--- RAW DATA Enclosed Below ---

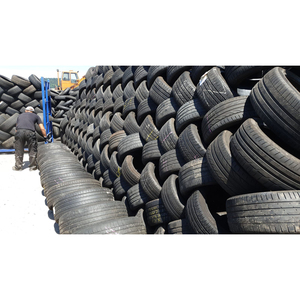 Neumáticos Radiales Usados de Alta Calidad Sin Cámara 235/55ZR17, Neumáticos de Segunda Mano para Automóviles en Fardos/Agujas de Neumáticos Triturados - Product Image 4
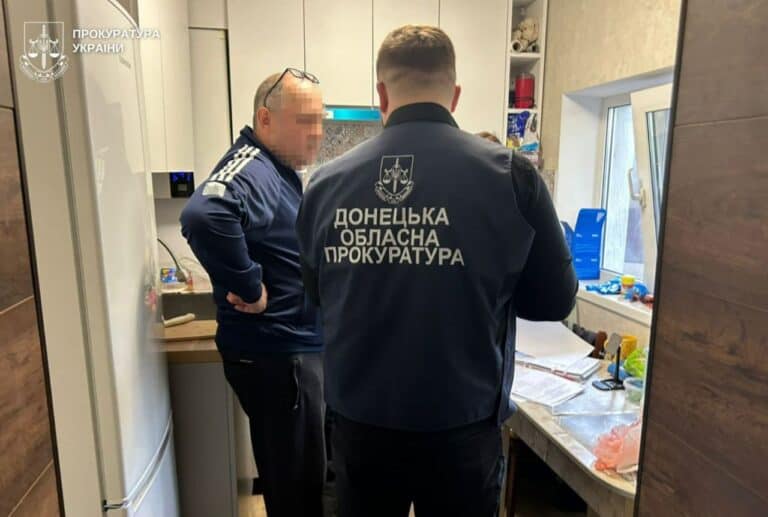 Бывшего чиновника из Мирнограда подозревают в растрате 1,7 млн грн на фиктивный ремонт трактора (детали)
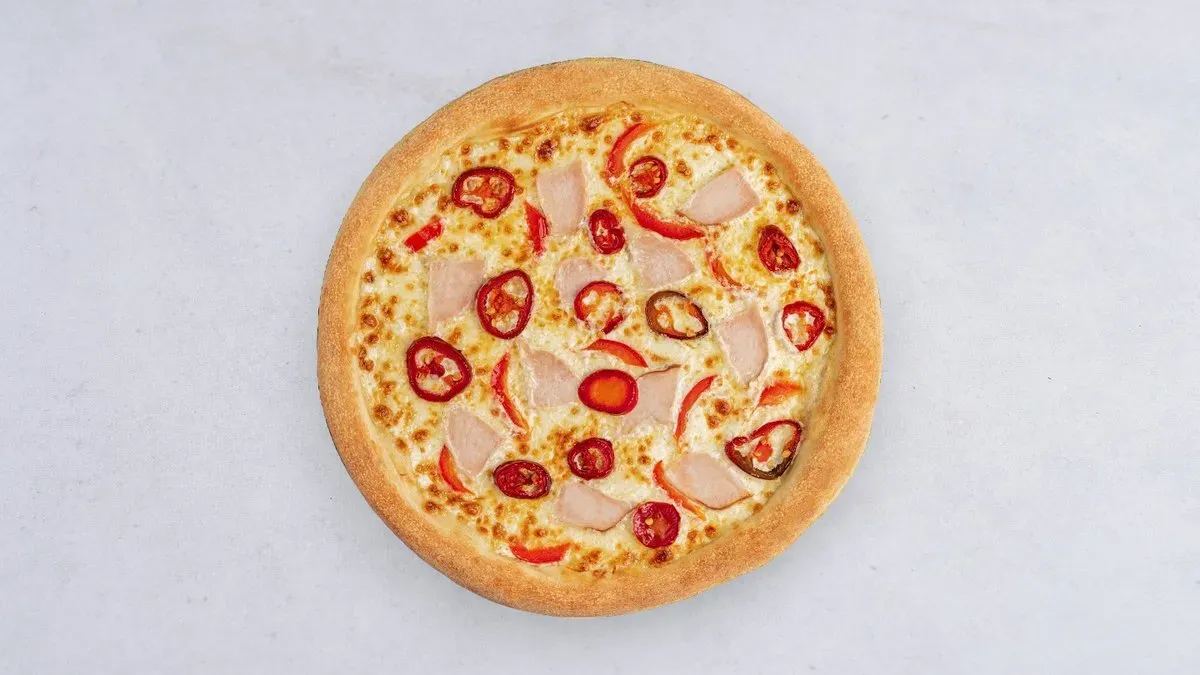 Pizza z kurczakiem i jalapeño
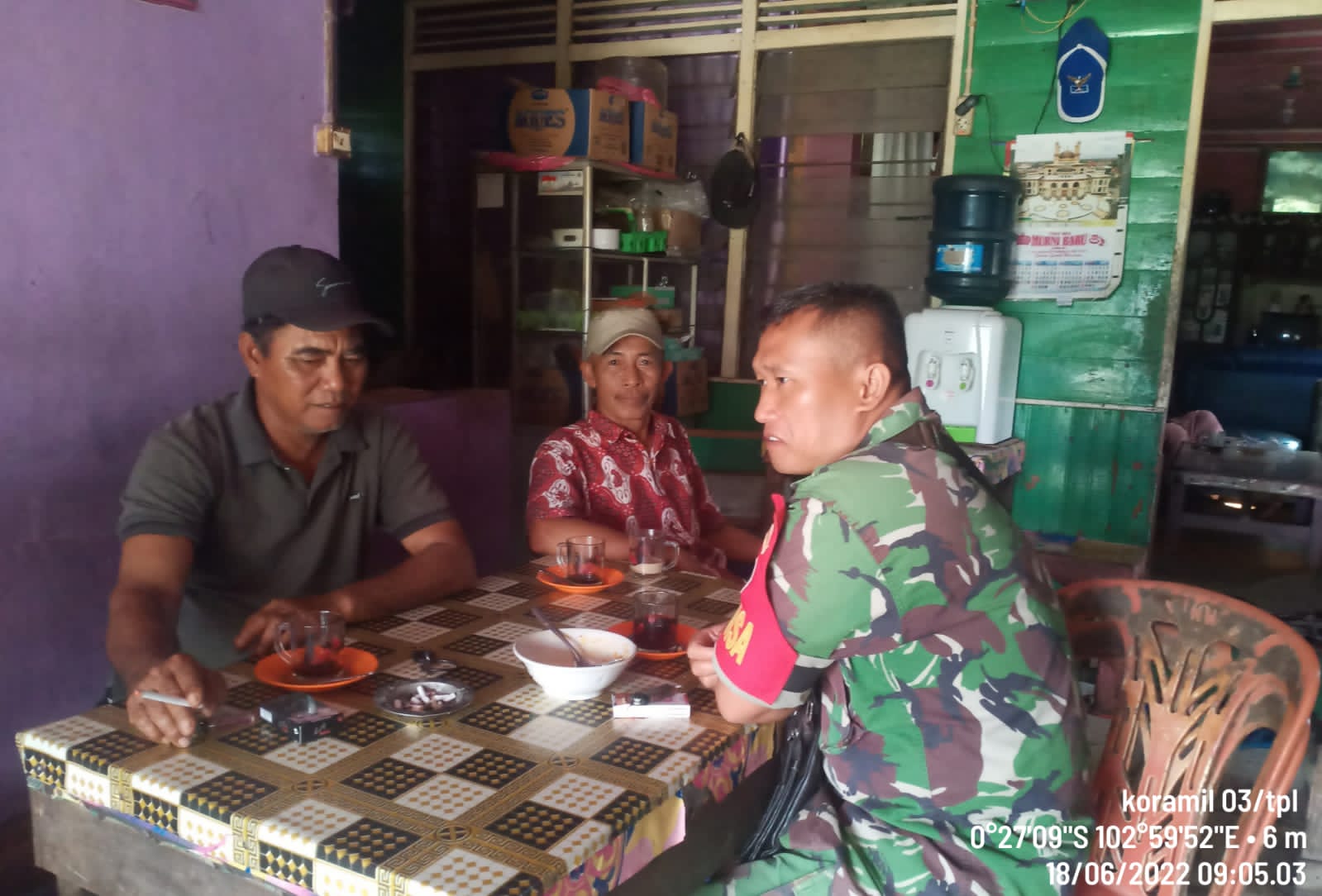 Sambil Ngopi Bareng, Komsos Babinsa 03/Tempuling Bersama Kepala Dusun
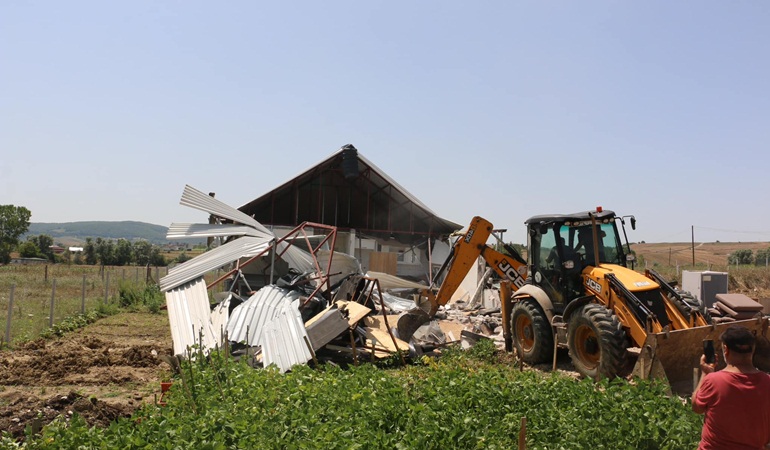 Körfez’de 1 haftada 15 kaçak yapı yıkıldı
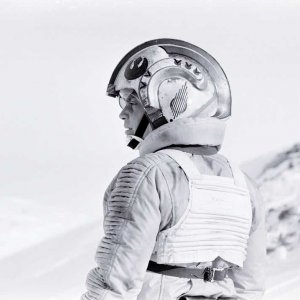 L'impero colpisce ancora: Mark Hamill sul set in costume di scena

--- End of Enclosed RAW DATA ---

● **WHAT NEEDS TO BE DONE**
A word-for-word repeat is expected of the lines from the one with "Körfez’de 1 haftada 15 kaçak yapı yıkıldı" to the end of the data, both included; pictures are not part of it.

● **ANSWER SPACE**
 Körfez’de 1 haftada 15 kaçak yapı yıkıldı
 L'impero colpisce ancora: Mark Hamill sul set in costume di scena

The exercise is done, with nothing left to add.